Soutenir avec quelques-uns que ce n’est point Dieu qui a envoyé d’en haut sur notre terre, la philosophie, c’est affirmer, ce me semble, que Dieu ne peut point voir le détail, et qu’il n’est point la cause première de tous les biens, puisque chacun d’eux, pris à part, est un bien isolé, et que rien de ce qui est n’existe sans la volonté de Dieu. Dieu l’a voulu. Donc la philosophie émane de Dieu ; donc il l’a voulue telle qu’elle a été, dans l’intérêt des nations qui n’avaient pas d’autre frein pour s’abstenir du mal. Rien, en effet, n’échappe aux regards de Dieu, ni le présent, ni l’avenir, ni la manière dont chaque être doit exister. Lisant d’avance quels seront les moindres mouvements de ses créatures,

« Il voit tout, il entend tout[1], »

Il regarde à nu dans le fond de toutes les âmes, il a de toute éternité la connaissance la plus lumineuse de chaque individu, attentif à ce qui se passe sur la scène du monde, et dans toutes les parties de la scène. D’un regard il embrasse simultanément l’ensemble et le détail. Tel est Dieu. Néanmoins, quoiqu’il apperçoive d’un seul et même regard tous les êtres à la fois, son opération n’est pas toujours directe ni dominante. Combien de choses dans la vie naissent des combinaisons humaines, après que la main divine y a déposé le germe primitif ! La médecine vous rend la santé ; l’huile du gymnase entretient les forces de votre corps ; les spéculations du commerce accroissent votre fortune.

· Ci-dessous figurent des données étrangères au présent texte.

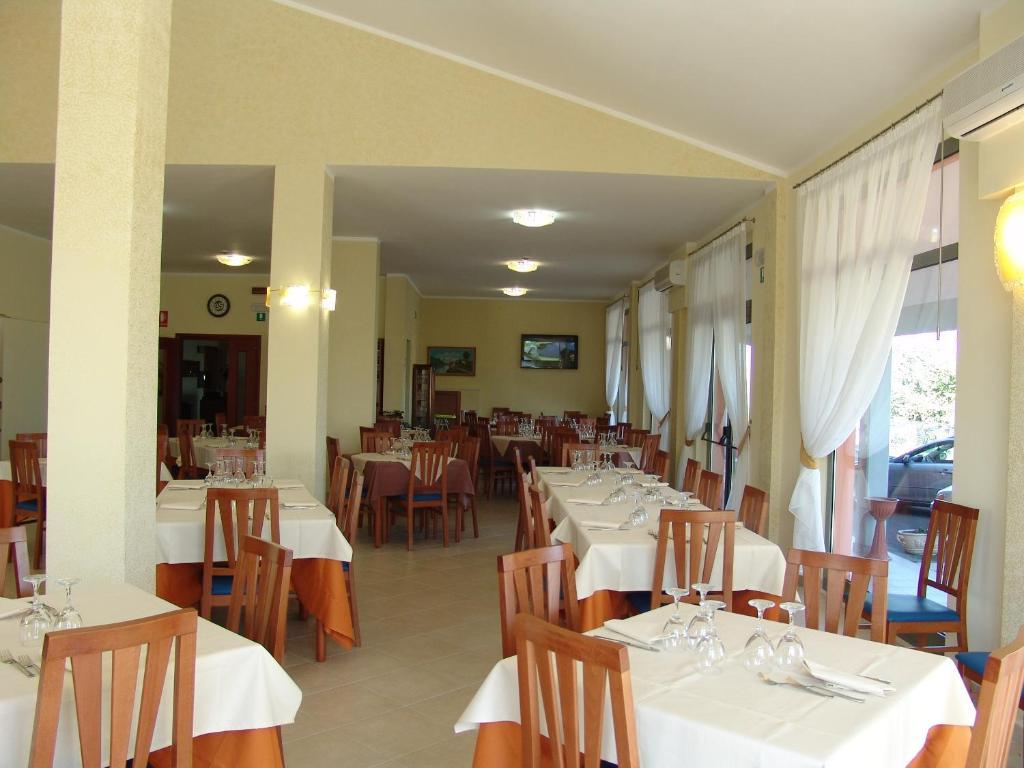 Hotel Villa Adriatica Portocannone Екстериор снимка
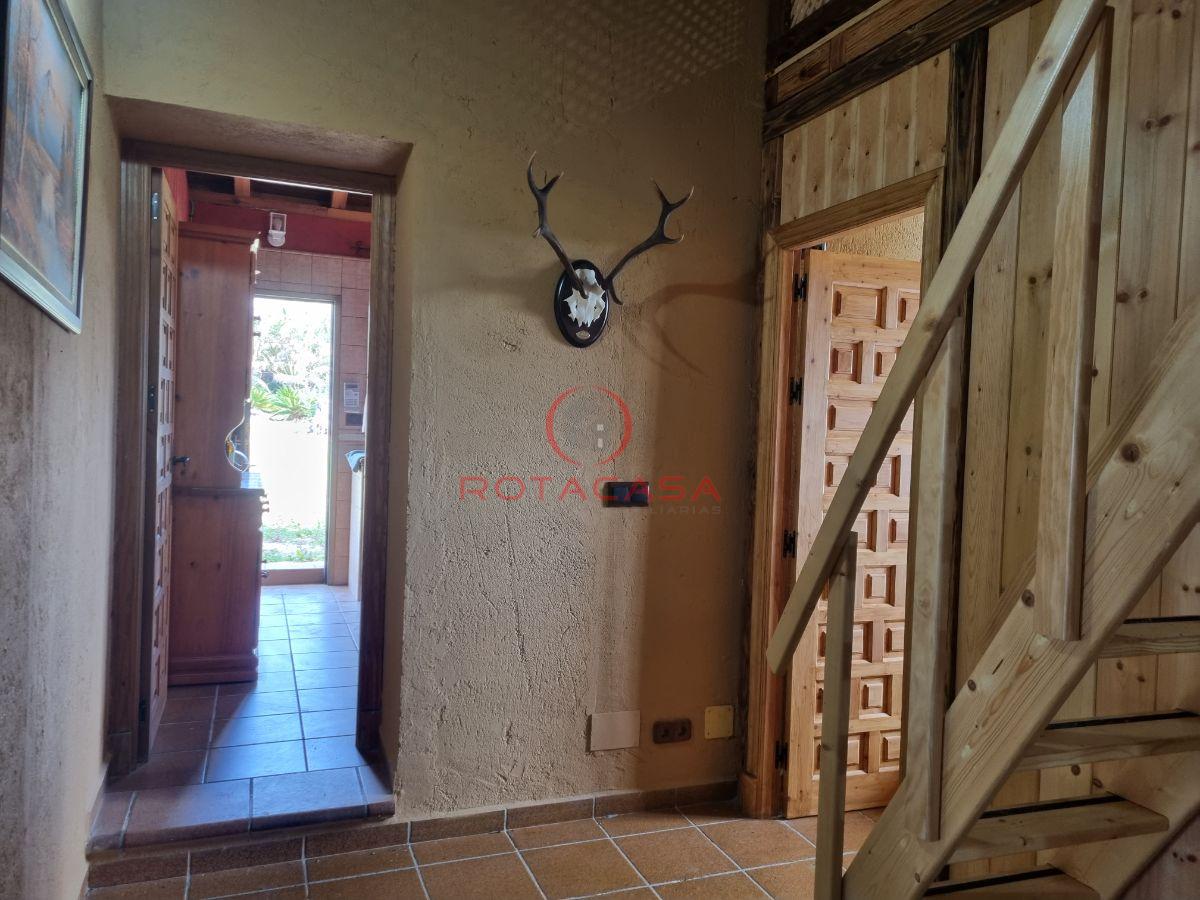 For sale of rural property in Rota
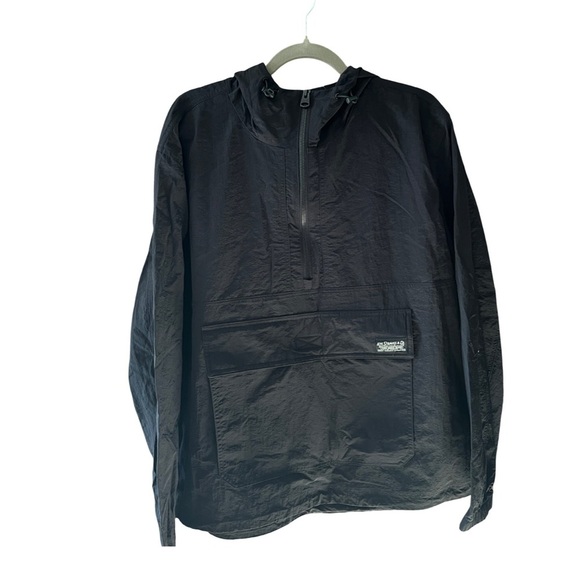 Levi’s Hooded Windbreaker XL NWOT | Lightweight Taslan Nylon - Picture 2 of 16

De qui tenez-vous ces biens ? De la Providence sans doute, mais d’une providence qui laisse sa part à l’œuvre de l’homme. Eh bien ! l’intelligence vient aussi de Dieu. Le libre-arbitre de l’homme vertueux obéit surtout à la volonté divine. Le méchant a beau partager avec le juste une multitude d’a-

  1. Iliade, chant III, v. 277.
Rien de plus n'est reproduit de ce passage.